The Internet and mobile GPS are incredible tools. Information like telephone numbers, opening hours, and train times are now at our fingertips. We can shop in a matter of moments and read the latest news. And what would we do without maps and directions at our fingertips on our phone? GPS has enabled us to get directions on the fly.
But apparently it has also created an ideal system for spying on kids. Or, for that matter, anyone else you choose to set it up to track.
Last week, a new application called Whereoscope, was launched - it lets you track your children on your own mobile phone via the location of their mobile phone. And which young person doesn’t have a mobile these days?
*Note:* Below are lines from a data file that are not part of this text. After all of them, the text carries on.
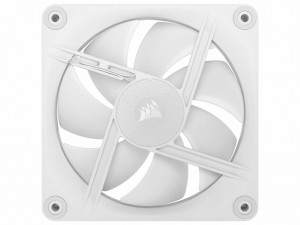 iCUE LINK LX120-R RGB Triple Reverse Fans Starter Kit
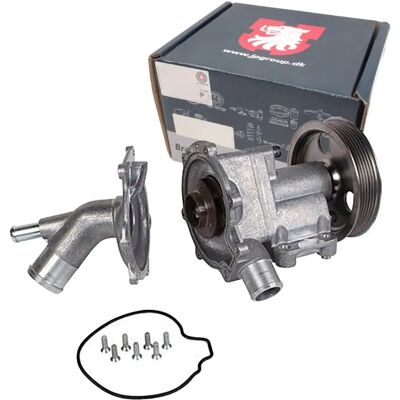 Bomba de agua JP GROUP 6014100100 - Para MINI, Jeep, Fiat Bomba de agua JP GROUP 6014100100 - Para MINI, Jeep, Fiat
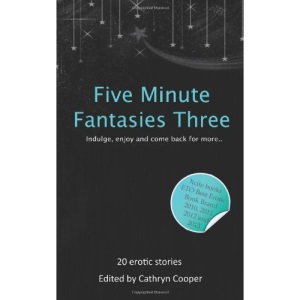 Five Minute Fantasies: v. 3 (Xcite Selections)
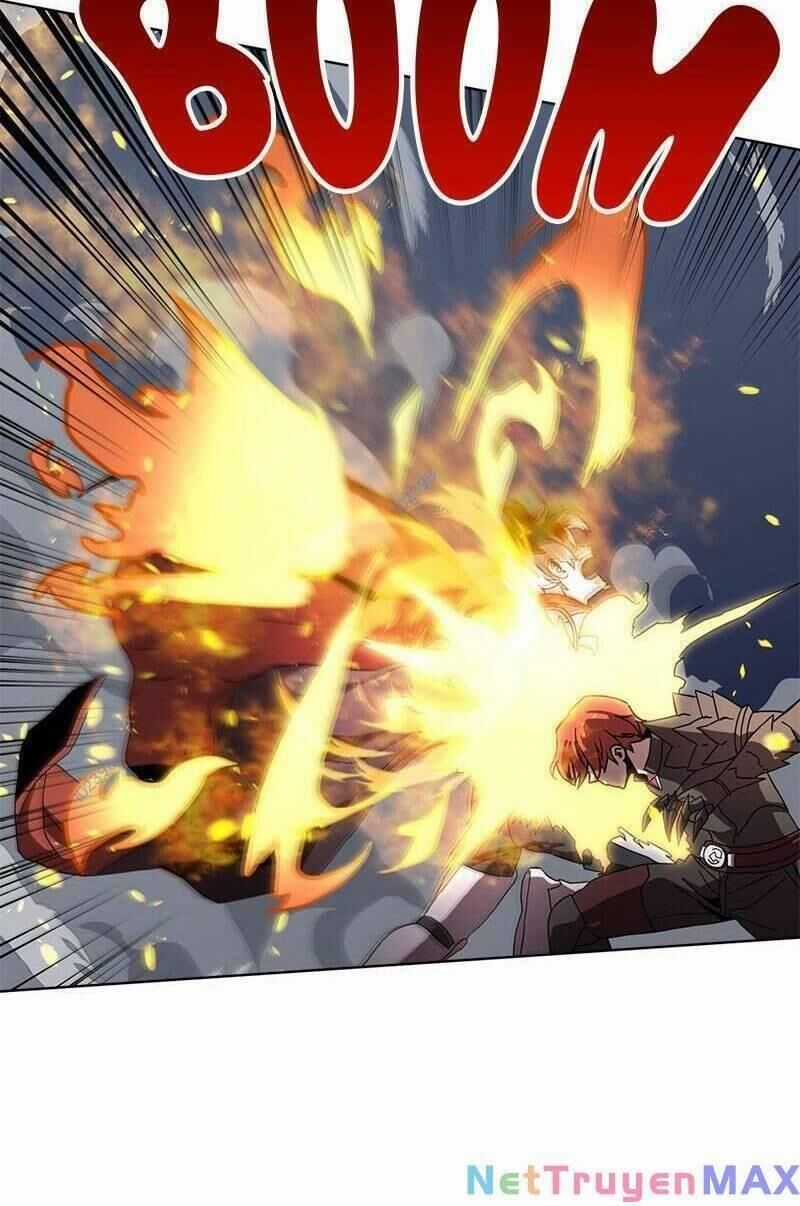 Im The Final Boss - Chapter 34 - Trang 21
The Whereoscope takes advantage of a new iPhone OS4 feature which allows multiple applications to run simultaneously at once. To set up Whereoscope, the parent must designate a number of specific locations at which their child can be found like school, a best friend’s house, or the local playground. Once these locations are synched with the child’s mobile, the parent can choose to receive a push notification - like a text message - that tells them when the child has left a location or has arrived at another, unbeknownst to the child. All the child has to do is leave his or her mobile phone on so that a combination of mobile tower location analysis and GPS tracking can take place.
In theory, perhaps all this seems like a practical approach to ensure child safety - the cotton wool precautionary principle so well known to us. But is this actually really necessary? Isn't it bad enough that the government and others constantly lose your data, spy on your web traffic, and access your credit rating without your consent? Do we really want to do this to children too? Should we really be instilling this kind of big brother mentality into our kids when they (inevitably) find out that their parents are ‘spying’ on them via their mobile phone?
Being a teenager – or a young kid for that matter – is difficult enough, without having parents tracking every move. Most of us who are parents now grew up in an age where it was just fine to go out with our friends and call our parents from the cinema to tell them that we were going to be late or to say we were going to sleep over a friend’s house. We didn’t have the Internet or mobile phones, but we took responsibility (and learned from it), found our way, and did all the things that kids do – even get in trouble from time to time. That's all part of growing up.
Perhaps the best solution to all of this is to make sure, if you are kid and your parent has a new iPhone, that you turn off your mobile when you are out. But we all know that the iPhone’s battery lasts about 2 hours long with an application running in the background, so maybe we don’t have much to worry about anyway!